Sunday, October 11, 2009

20th Wedding Anniversary

Twenty years ago, we got married outside the Virginia City Courthouse. It was basically an elopement. I didn't really want a big wedding or lots of guests showing up - this was just for us. My sister and my roommate at the time stood up with us. Three friends from work showed up unexpectedly, making the Justice' Chambers a bit too crowded, so we took it outside - a little lawn area under the golden-leaved cottonwood trees, next to the building. That was really nice. I also liked the idea that our officiating Justice of the Peace was a woman (Aries was surprised, but I'd set it up so I knew).

Something old: I had an antique linen handkerchief with crocheted edging that belonged to my grandma in my pocket. Something new: I wore brand-new white tennis shoes - they hadn't even been scuffed up yet. Something borrowed: my sister loaned me a beautiful pair of earrings to wear. Something blue: blue jeans (after the ceremony we went down the street to one of those old-timey dress-up photo places for our "official" wedding photo, so Mom did get a wedding picture of me in a wedding dress). And a 1953 silver dime in the heel of my left shoe.

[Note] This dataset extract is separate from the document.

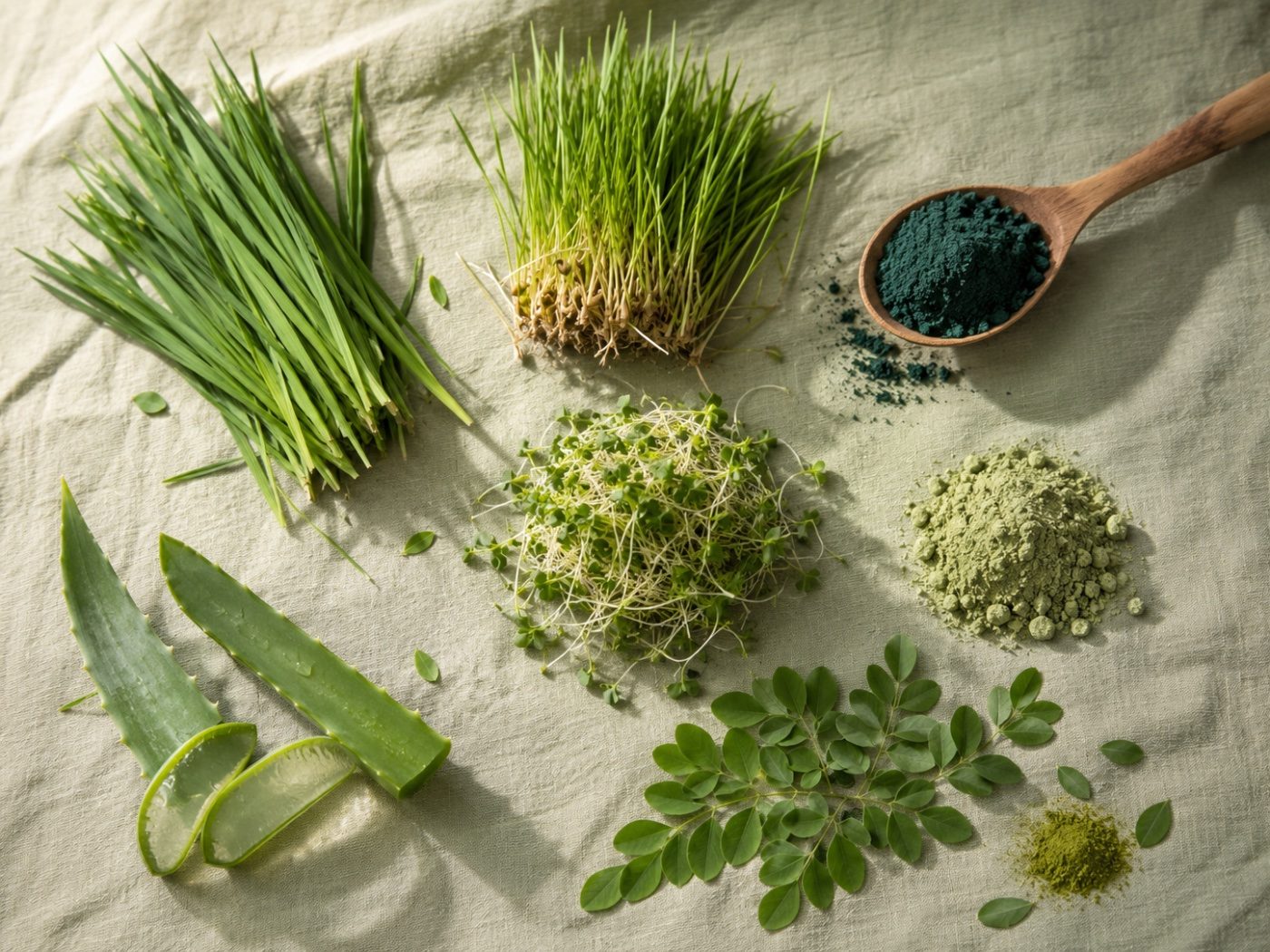 Seven botanicals flat-lay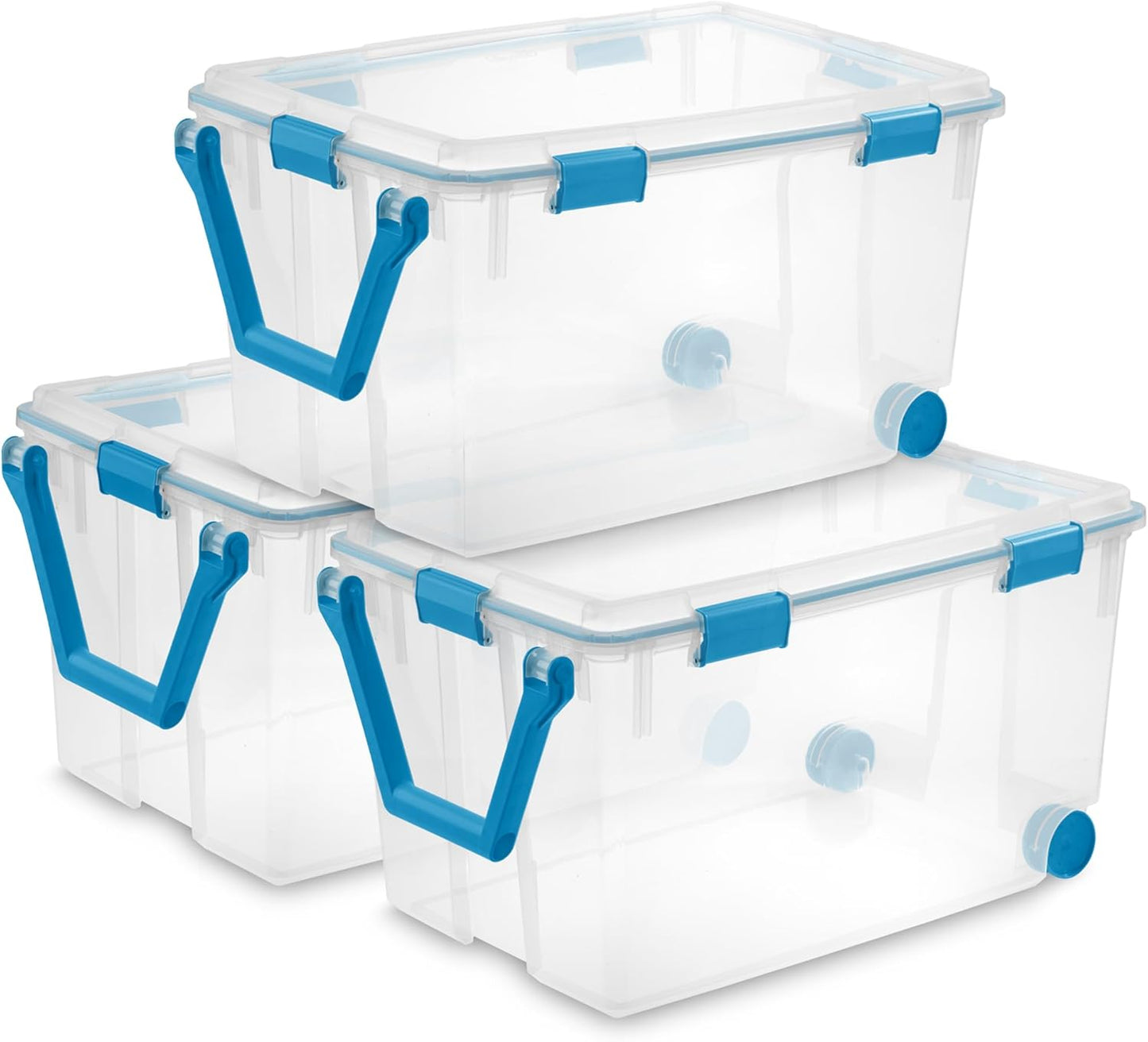 Sterilite 12-Pack Gasket Box, Weather-Resistant Storage Bins with Latching Lids, 54 Quart - Heavy-Duty Organizing Containers for Closet, Bathroom, and Office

I keep my wedding night peignoir and negligee tucked away in a satin-lined pouch, getting it out again each year, to add to that sense of occasion (note to the ladies: if this is a tradition you'd like to try, I'd advise choosing either something diaphanous and floaty or one with some stretch and ribbon ties - you'll be glad you have that bit of leeway in the fit during all stages of your life together). Sweet husband gave me an anthurium. For him, I looked up the list of traditional gifts. China, it said, for a 20th anniversary. So I told Aries he'd need to get a passport - couldn't talk him into that though. Instead, we spent the afternoon at the Italian Fest in Reno (he liked that - he's half Italian-descent), tasting pasta sauces and wandering about in the crowd.

Friday, October 9, 2009

Oh No! Fermentation Overflow

Cider is said to ferment vigorously. There are stories about people finding the sticky stuff spattered across the walls, or bubbled over flooding the floor. But we're making five gallons in a fermenting bucket that holds more than six, so I didn't think we had anything to worry about. I was wrong.

The fermentation lock had been happily gurglely-burgleing since yesterday, just like it's supposed to. We make beer sometimes too - that sound is something you just get used to. I'd even stopped looking at it, sitting there on the kitchen counter.

But then, as I was heading out the kitchen door, it kinda snuffled instead of gurgled. That got my attention. The fermentation lock was completely filled with greenish bubbly apple goo, and there was a puddle growing across the lid. Thankfully, I saw it before it completely blocked the fermentation lock - that's when you could end up with fermenting goo on the ceiling. Aries wasn't home - I was going to have to fix this by myself.

I mopped up the lid before it overflowed, and put a big platter underneath the fermenter, just in case. I didn't want this stuff flowing all over my counter or kitchen floor if I could help it. I know keeping the brew from getting contaminated is important, so I didn't want to take off the lid, but knew I had to do something to allow it to continue outgassing and still contain the overflow. I did a quick online search. I needed to replace the overflowing fermentation lock with a tube running into a container half-full of water. The container would hold the overflow, gases could still escape, but nothing would get in.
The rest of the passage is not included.